Um zu ergründen, was denn „Liebe“ eigentlich sei, haben sich seit Urzeiten unzählige Denker und Dichter abgemüht, ähnliches kann man vom „Frieden“ berichten. Bedeuten „Liebe“ und „Frieden“ denn auch automatisch Abwesenheit von Gewalt?
„Frieden auf der Welt und den Menschen ein Wohlgefallen“ verkünden die Engel, die Boten der wahren Menschlichkeit, als im Jahre „Null“ der Christenheit ein „Heiland“ geboren wird.
In zwei Tagen ist er wieder da, der „Heilige Abend“ und die meisten Menschen erhoffen sich wenigstens dann ein wenig Frieden, Familie, Zusammensein, Miteinander und Besinnlichkeit.

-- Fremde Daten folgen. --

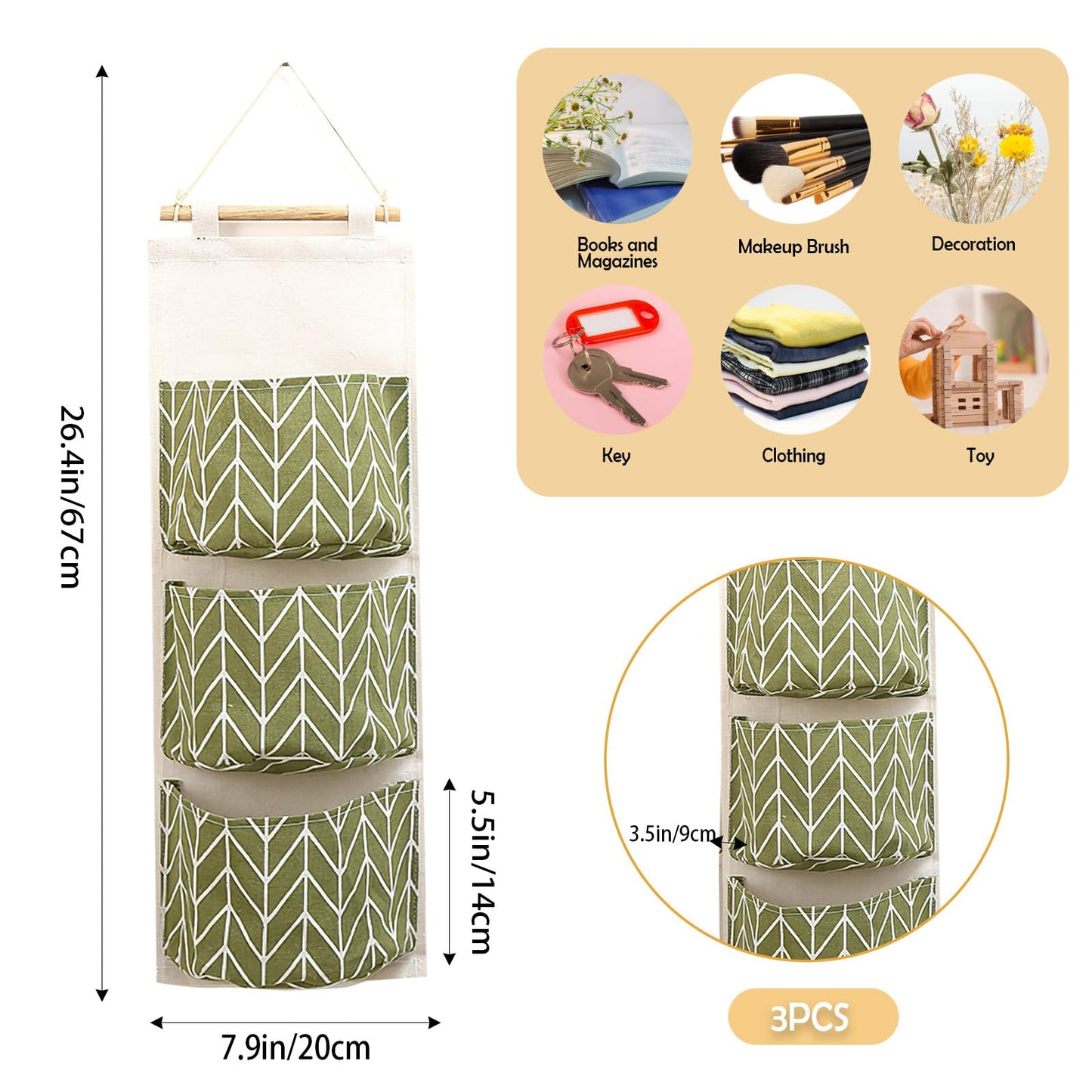 3-Pack Wall Hanging Storage Bags – Over-The-Door Organizers with 3 Large Pockets (6.3" × 5.1"), Hanging Closet & Pantry Organizer for Bedroom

Nicht wenige aber werden nach Weihnachten dann konstatieren müssen: war das nun Frieden oder Krieg?
Im Fernsehen und Kino wird zwar oft komödiantisch beschrieben, was an diesen Besinnungstagen so alles im trauten Heim tatsächlich auch an Besinnungslosigkeit geschehen kann, aber ist da nicht auch was Wahres dran?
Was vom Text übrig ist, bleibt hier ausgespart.